About this task
For each line below, return an exact copy.

[Dataset entries]

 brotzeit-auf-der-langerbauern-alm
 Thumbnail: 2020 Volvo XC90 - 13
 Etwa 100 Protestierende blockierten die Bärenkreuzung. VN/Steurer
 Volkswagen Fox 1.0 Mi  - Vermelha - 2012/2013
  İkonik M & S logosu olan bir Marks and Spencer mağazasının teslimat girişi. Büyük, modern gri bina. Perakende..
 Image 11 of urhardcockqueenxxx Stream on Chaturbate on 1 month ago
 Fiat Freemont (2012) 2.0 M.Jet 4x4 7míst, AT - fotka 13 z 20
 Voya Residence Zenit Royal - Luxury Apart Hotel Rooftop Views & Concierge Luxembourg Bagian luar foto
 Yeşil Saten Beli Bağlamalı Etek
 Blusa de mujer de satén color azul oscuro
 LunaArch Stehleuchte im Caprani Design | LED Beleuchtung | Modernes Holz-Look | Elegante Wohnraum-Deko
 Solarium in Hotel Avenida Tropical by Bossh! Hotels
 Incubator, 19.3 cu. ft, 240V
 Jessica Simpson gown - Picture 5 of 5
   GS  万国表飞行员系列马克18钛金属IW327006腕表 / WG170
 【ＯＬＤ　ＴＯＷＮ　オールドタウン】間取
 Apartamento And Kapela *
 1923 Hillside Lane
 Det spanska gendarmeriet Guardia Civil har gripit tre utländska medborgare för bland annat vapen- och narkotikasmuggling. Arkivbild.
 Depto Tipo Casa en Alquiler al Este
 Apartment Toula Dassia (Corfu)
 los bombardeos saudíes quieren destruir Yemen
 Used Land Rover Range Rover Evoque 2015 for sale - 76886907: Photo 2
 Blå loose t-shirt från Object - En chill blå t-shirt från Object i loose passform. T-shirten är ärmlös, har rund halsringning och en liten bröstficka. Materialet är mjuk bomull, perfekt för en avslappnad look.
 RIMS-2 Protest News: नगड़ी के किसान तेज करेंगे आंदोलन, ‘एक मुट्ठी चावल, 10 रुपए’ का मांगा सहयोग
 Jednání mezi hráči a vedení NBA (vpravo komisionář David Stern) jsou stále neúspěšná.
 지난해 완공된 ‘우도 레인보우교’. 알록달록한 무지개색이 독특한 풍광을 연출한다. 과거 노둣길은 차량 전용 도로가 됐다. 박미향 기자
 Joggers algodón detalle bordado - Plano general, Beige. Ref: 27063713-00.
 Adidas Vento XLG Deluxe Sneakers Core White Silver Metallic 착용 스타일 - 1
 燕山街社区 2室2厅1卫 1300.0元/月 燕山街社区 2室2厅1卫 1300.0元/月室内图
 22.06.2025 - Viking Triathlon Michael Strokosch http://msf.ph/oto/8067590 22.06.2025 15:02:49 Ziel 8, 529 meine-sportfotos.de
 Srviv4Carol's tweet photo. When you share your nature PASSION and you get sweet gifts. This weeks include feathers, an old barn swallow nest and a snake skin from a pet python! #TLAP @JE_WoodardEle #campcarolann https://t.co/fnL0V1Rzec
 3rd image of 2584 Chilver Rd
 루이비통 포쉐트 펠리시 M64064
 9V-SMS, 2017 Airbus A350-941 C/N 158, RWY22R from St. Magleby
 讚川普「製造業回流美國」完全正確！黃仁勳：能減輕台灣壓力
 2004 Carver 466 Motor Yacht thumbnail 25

Written solution
 brotzeit-auf-der-langerbauern-alm
 Thumbnail: 2020 Volvo XC90 - 13
 Etwa 100 Protestierende blockierten die Bärenkreuzung. VN/Steurer
 Volkswagen Fox 1.0 Mi  - Vermelha - 2012/2013
  İkonik M & S logosu olan bir Marks and Spencer mağazasının teslimat girişi. Büyük, modern gri bina. Perakende..
 Image 11 of urhardcockqueenxxx Stream on Chaturbate on 1 month ago
 Fiat Freemont (2012) 2.0 M.Jet 4x4 7míst, AT - fotka 13 z 20
 Voya Residence Zenit Royal - Luxury Apart Hotel Rooftop Views & Concierge Luxembourg Bagian luar foto
 Yeşil Saten Beli Bağlamalı Etek
 Blusa de mujer de satén color azul oscuro
 LunaArch Stehleuchte im Caprani Design | LED Beleuchtung | Modernes Holz-Look | Elegante Wohnraum-Deko
 Solarium in Hotel Avenida Tropical by Bossh! Hotels
 Incubator, 19.3 cu. ft, 240V
 Jessica Simpson gown - Picture 5 of 5
   GS  万国表飞行员系列马克18钛金属IW327006腕表 / WG170
 【ＯＬＤ　ＴＯＷＮ　オールドタウン】間取
 Apartamento And Kapela *
 1923 Hillside Lane
 Det spanska gendarmeriet Guardia Civil har gripit tre utländska medborgare för bland annat vapen- och narkotikasmuggling. Arkivbild.
 Depto Tipo Casa en Alquiler al Este
 Apartment Toula Dassia (Corfu)
 los bombardeos saudíes quieren destruir Yemen
 Used Land Rover Range Rover Evoque 2015 for sale - 76886907: Photo 2
 Blå loose t-shirt från Object - En chill blå t-shirt från Object i loose passform. T-shirten är ärmlös, har rund halsringning och en liten bröstficka. Materialet är mjuk bomull, perfekt för en avslappnad look.
 RIMS-2 Protest News: नगड़ी के किसान तेज करेंगे आंदोलन, ‘एक मुट्ठी चावल, 10 रुपए’ का मांगा सहयोग
 Jednání mezi hráči a vedení NBA (vpravo komisionář David Stern) jsou stále neúspěšná.
 지난해 완공된 ‘우도 레인보우교’. 알록달록한 무지개색이 독특한 풍광을 연출한다. 과거 노둣길은 차량 전용 도로가 됐다. 박미향 기자
 Joggers algodón detalle bordado - Plano general, Beige. Ref: 27063713-00.
 Adidas Vento XLG Deluxe Sneakers Core White Silver Metallic 착용 스타일 - 1
 燕山街社区 2室2厅1卫 1300.0元/月 燕山街社区 2室2厅1卫 1300.0元/月室内图
 22.06.2025 - Viking Triathlon Michael Strokosch http://msf.ph/oto/8067590 22.06.2025 15:02:49 Ziel 8, 529 meine-sportfotos.de
 Srviv4Carol's tweet photo. When you share your nature PASSION and you get sweet gifts. This weeks include feathers, an old barn swallow nest and a snake skin from a pet python! #TLAP @JE_WoodardEle #campcarolann https://t.co/fnL0V1Rzec
 3rd image of 2584 Chilver Rd
 루이비통 포쉐트 펠리시 M64064
 9V-SMS, 2017 Airbus A350-941 C/N 158, RWY22R from St. Magleby
 讚川普「製造業回流美國」完全正確！黃仁勳：能減輕台灣壓力
 2004 Carver 466 Motor Yacht thumbnail 25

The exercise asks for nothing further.